Devagar, nossos lábios foram se separando, mas conservamos a proximidade. Érico uniu nossas testas, as respirações ofegando em sincronia, então abri meus olhos apenas para defrontar o azul celeste dos dele. Havia algo brilhando no fundo como se viesse direto da alma, uma ânsia, um desejo crescente não só por mim, mas pelo que eu podia representar também. Érico uniu as duas mãos em minhas costas puxando-me mais para perto enquanto começava a dar suaves beijinhos por minha bochecha descendo até o pescoço. Um arrepio serpenteou por minha coluna e involuntariamente sussurrei o nome dele. Érico pareceu surpreso, aproveitei sua distração para buscar outra vez os lábios dele tomando-os para mim.

Então, dentre os milhares de pensamentos que eu poderia ter naquela hora, acabei com o do dia em que jogamos bola juntos.
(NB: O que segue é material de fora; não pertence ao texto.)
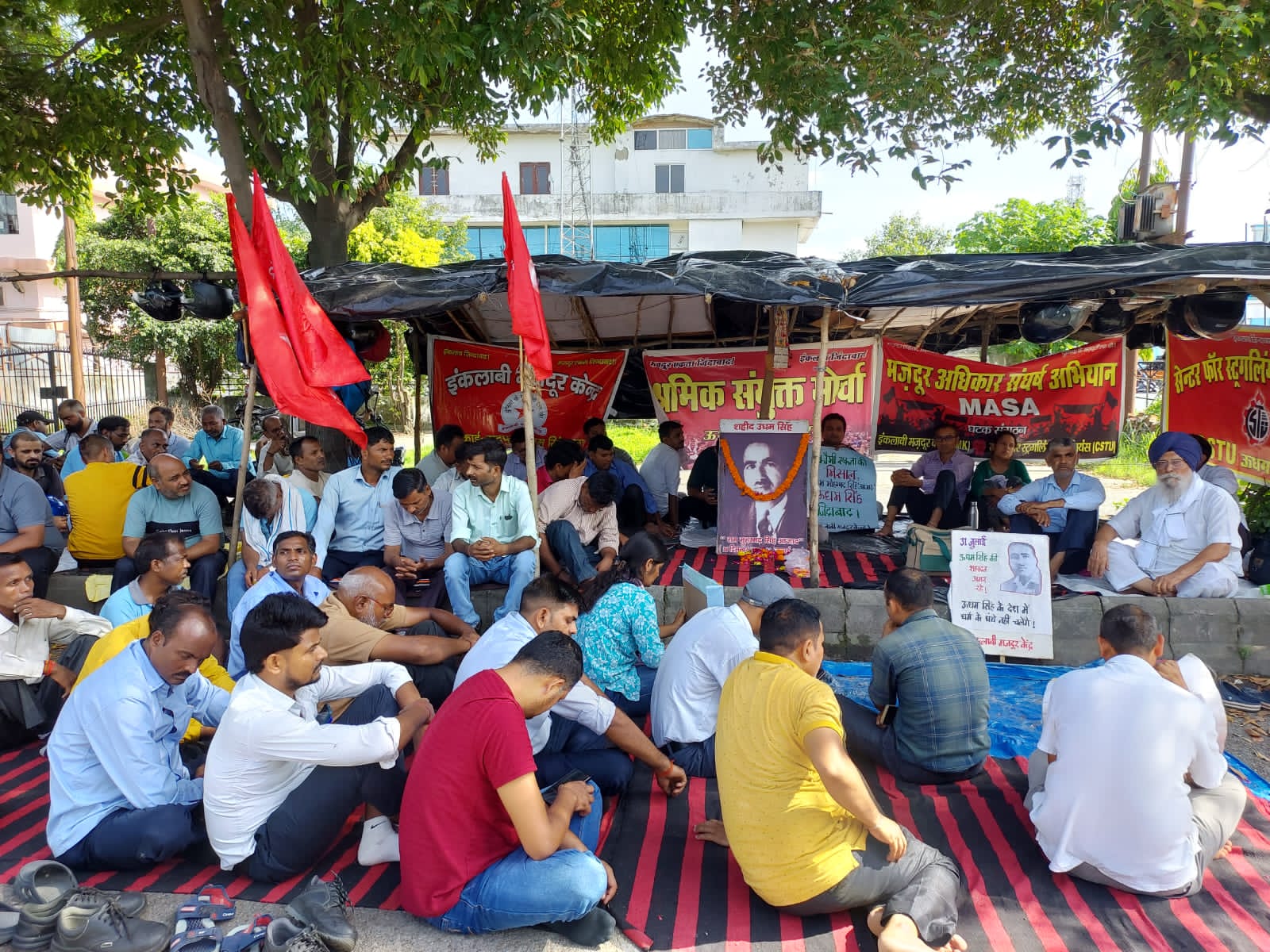 रुद्रपुर में शहीद उधम सिंह को दी श्रद्धांजलि, श्रमिक संयुक्त मोर्चा ने माइक्रोमैक्स मजदूरों की मांगों को लेकर बुलंद की आवाज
Quando o conheci um pouco melhor. Inevitavelmente, recordei as palavras que ele dissera naquele dia, do inegável fastio resultante, do terrível sentimento de desesperança que me acometeu em seguida. A memória infiltrou-se por cada centímetro do meu corpo como um câncer. Os toques pareciam lâminas cravando-se na carne. A proximidade subitamente mudou para a repugnância. O beijo, num mero instante, foi de prazeroso para o literal epítome do asco.
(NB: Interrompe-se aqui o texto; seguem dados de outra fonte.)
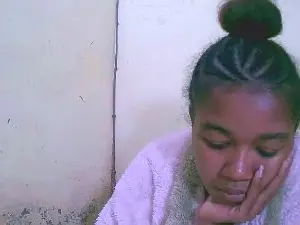 Edwina20002  live sex cam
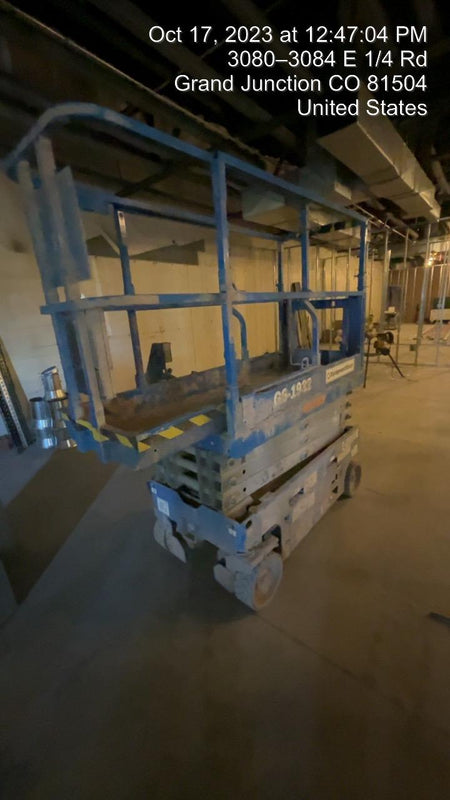 2023 GENIE GS-1932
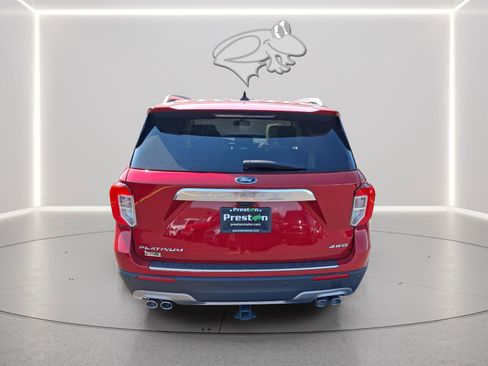 Used 2022 Ford Explorer Platinum w/ Equipment Group 601A AWD/4WD image 4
― Não, para! ― murmurei enquanto fechava minha boca e empurrava o peito dele, afastando-o. Érico recuou, assustado. Dei alguns passos para trás também. Mantive um braço erguido para garantir a distância. Por instinto, cobri a boca com a mão.
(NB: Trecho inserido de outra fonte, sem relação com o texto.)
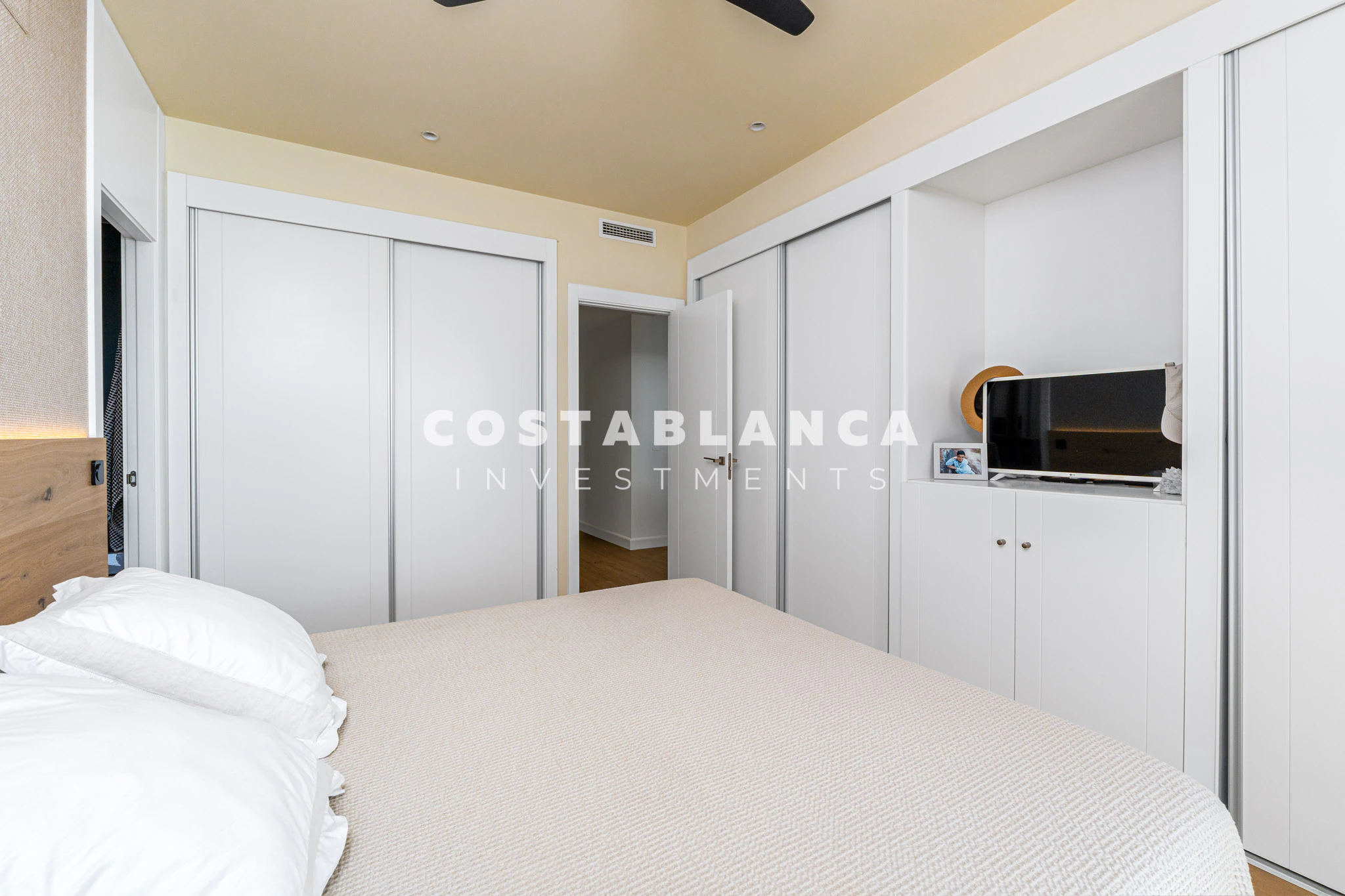 Moderne Luxuswohnung mit Meerblick zum Verkauf in Sunset Drive, Benidorm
Érico começou um murmúrio.

― Não ― cortei-o.

― Mas a gente... eu...

― Por favor ― pedi. ― Não... fala mais nada. Eu... Eu... Droga! ― minha raiva, em grande parte, era por não ser capaz de pensar numa forma de lidar com a situação. Meus pensamentos não se ordenavam. Havia me deixado levar pelas emoções e esquecido da problemática. O pior: eu tinha gostado. Me senti bem enquanto nos beijávamos. Senti que merecia uma folga, um pouco de carinho. Tinha algo nele que me trazia calma. Era impossível negar isso. De certo, haviam palavras adequadas a usar, coisas preferíveis a fazer, a dizer naquele momento, contudo a única necessidade imediata era distância, tempo.

― Desculpa ― Érico falou tão baixinho que quase não ouvi. ― Eu, digo, você. Pensei que você era... quer dizer, eu... eu não sou g...

― Tá vendo? É esse o problema ― Érico fez cara de ponto de interrogação. ― Claro que você não entendeu! ― levei as mãos a cabeça empurrando o cabelo para trás. ― Olha, eu... eu... droga, não sei o que dizer. Eu só... vamos parar por aqui, pode ser? Vamos levar a arma de volta, seguir em frente e parar pra conversar sobre o que aconteceu depois. Com calma. Devagar. Vamos... pôr as cartas na mesa e tentar chegar a algum lugar, pode ser? Isso... está bom para você?